Number 8: Choose Wisely
This may be a multi-perspective novel. It may also tell several different stories. But all these perspectives weave together into a singular plot and you need to make sure that you are writing a scene from the exact perspective that moves the plot forward best in that moment.
“But Jenna, what if I'm writing a scene that includes all of the POV characters?”
Choose the point of view that carries the most weight. What is the theme of this scene? What exactly are you trying to convey? If you want to write a sad scene, go into the mindset of the character that takes this blow the hardest. On a similar note, which point of view is most emotional based on the theme of this scene? It's possible that this situation won't matter much to one character, but will be supremely impactful to another. That's the character you should be writing through. And most importantly, which character has the most to lose? High stakes drive a story forward better than anything else.
High stakes drive a story forward better than anything else.
Number 9: Don't Repeat
Every once in a while, you'll read a multi-perspective novel where the same scene is retold from another character's perspective for no reason whatsoever. Don't do that! Unless it is absolutely pivotal to see the same chain of events through a different set of eyeballs, rehashing the same scene in the same book isn't engaging. It's boring.
“But Jenna, I'm the exception to the rule!”
Is that because both perspectives reveal a plot point that moves the story forward and without these plot points the story cannot continue?
“Well, no, but...”
Then you're not the exception, dummy! Unless the story absolutely cannot progress without a
rehash, don't do it.
Number 10: Be honest with yourself
Are you including multiple perspectives because they all carry equal weight?

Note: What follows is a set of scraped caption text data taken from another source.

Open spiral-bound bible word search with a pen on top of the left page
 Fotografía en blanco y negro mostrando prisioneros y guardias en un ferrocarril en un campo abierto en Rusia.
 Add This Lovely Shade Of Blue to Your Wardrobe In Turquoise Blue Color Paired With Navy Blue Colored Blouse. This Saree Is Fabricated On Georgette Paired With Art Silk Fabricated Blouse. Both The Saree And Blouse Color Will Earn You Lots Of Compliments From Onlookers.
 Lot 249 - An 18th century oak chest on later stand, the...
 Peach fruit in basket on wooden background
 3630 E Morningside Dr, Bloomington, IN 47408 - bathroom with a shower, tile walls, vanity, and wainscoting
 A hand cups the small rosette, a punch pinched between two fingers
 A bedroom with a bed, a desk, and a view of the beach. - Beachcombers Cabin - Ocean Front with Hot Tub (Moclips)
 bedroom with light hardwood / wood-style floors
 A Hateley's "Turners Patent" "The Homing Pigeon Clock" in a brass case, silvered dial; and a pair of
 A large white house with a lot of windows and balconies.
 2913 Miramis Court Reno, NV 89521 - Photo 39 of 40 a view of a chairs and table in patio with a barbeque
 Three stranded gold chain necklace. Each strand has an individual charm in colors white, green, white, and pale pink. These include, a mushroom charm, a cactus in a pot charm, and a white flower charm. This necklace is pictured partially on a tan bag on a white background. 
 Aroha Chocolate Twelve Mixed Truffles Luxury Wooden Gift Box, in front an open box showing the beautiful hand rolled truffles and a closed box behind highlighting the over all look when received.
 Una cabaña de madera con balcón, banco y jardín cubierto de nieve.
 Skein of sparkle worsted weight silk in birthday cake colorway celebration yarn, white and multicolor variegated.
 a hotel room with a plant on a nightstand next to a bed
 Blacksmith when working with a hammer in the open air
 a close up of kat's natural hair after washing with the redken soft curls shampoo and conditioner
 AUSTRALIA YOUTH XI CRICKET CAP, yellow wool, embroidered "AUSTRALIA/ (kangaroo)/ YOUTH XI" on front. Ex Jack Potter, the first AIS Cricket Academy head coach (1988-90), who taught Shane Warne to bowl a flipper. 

Because their voices are engaging and entertaining? Because they each move the plot forward? If you cannot say yes to all of these questions, then the extra perspectives do not need to exist. Sure, you can include the character in the story, but they should probably be a part of the supporting cast. We don't need to follow them unless their actions guide the direction of the plot. This is when you need to be honest with yourself. There are plenty of characters that I love and adore, but I can honestly say that their side stories don't move my overall plot forward. If that's the case, and you've got some scenes you really want to write for them, write them as short stories and save it for your mailing list. But you don't need to add an entire perspective to your novel just to dish out fluff pieces. I know you really, really, really want to write from these perspectives because these characters are your sweet, precious babies and you love them...but no one else gives a fuck.
So that's all I've got for you today!
If you’ve been wondering how to write a multi-perspective novel, I hope this post was helpful for you! If you don’t take anything else away from these tips, remember to always be honest with yourself about whether or not you really need to include each perspective. By making sure each point of view is necessary, moves the overall plot forward, is clearly defined, and written in the selected character’s recognizable voice, you’ll be able to craft a story that readers can not only follow easily, but will get lost in.